I believe this; I teach it; I try to live it. Our views evolved from an historical approach to understanding the external context in which leadership occurs, and valid and current psychological research and human development on what health looks like in an individual, an organization, and a community. It is a canon of positivism and idealism that views the common good as a counter balance to self-absorption or dependency on monetary profit as the sole standard of success. So ethical and moral consideration is important. It is not an approach that demands perfection but knows that self-awareness is an essential quality of an integrated adaptive leader.
But there are leaders in powerful positions everywhere who have none of these qualities or attributes! How and why do they retain their influence? I have coined the term “maladaptive leader” as a way to begin the conversation about this. If there is one word that can explain this, it is fear. Fear is a major reason for this kind of leadership and there are five fears that promote and sustain maladaptive leadership:
Fear of loss is a survival issue. Most human beings seek a level of economic well-being that can provide them with the basic needs to live. When this is threatened fear increases. Without adequate coping mechanisms the fear can overtake reason and the capacity to see beyond current reality to a better time is diminished.
The belief that the future is in the hands of something or someone over whom they have little or no control feeds a sense of inadequacy to improve the current state of affairs and erodes a sense of efficacy. When there is no clear explanation for how to regain some modicum of control over life, fear grows and the need for immediate relief is heightened. Fear of the unknown becomes the enemy of hope and the future a projection screen for more adversity rather than an opportunity for change.
If the sense of scarcity increases, fear shrinks the ability to be inclusive, expansive, or empathic to those outside of the inner circle. Tribalism begins to seep into consciousness and anyone who is deemed as different can be scapegoated and excluded. Being different is threatening, and becomes the problem rather than how difference is responded to. Fear of difference isolates and breeds intolerance.

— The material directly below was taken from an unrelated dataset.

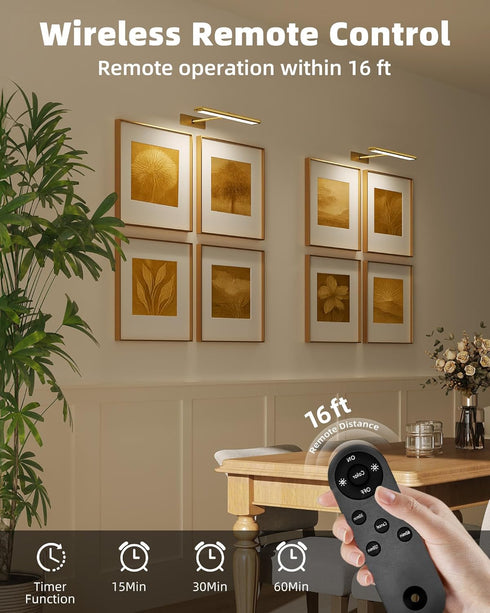 4800mAh 16in Dimmable 3 EZVALO Picture Light for Wall, Rechargeable Wireless Remote, Magnetic LED Art Display Light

The capacity to learn what moves individuals and systems from survival to thriving mode is lessened even though that is exactly the behavior needed. In significant periods of change more, rather than less, information needs to be obtained; and more rather than fewer options for addressing problems need to be generated and considered. Fear of learning acts as a constrictor in the flow of information, in the exchange of ideas, in the capacity to problem-solve beyond the immediate context.
Many of those we lead are gripped by fears, both real and imagined- their fears are palpable and ever present. Ignoring or appeasing that fear only increases the power of the maladaptive leader. Integrated adaptive leadership can reverse this. We need this kind of leadership, leadership that is an antidote to being led blindly by fear, the kind of leadership that we know to be good and effective, trustworthy and concerned for those most affected by the leader’s authority.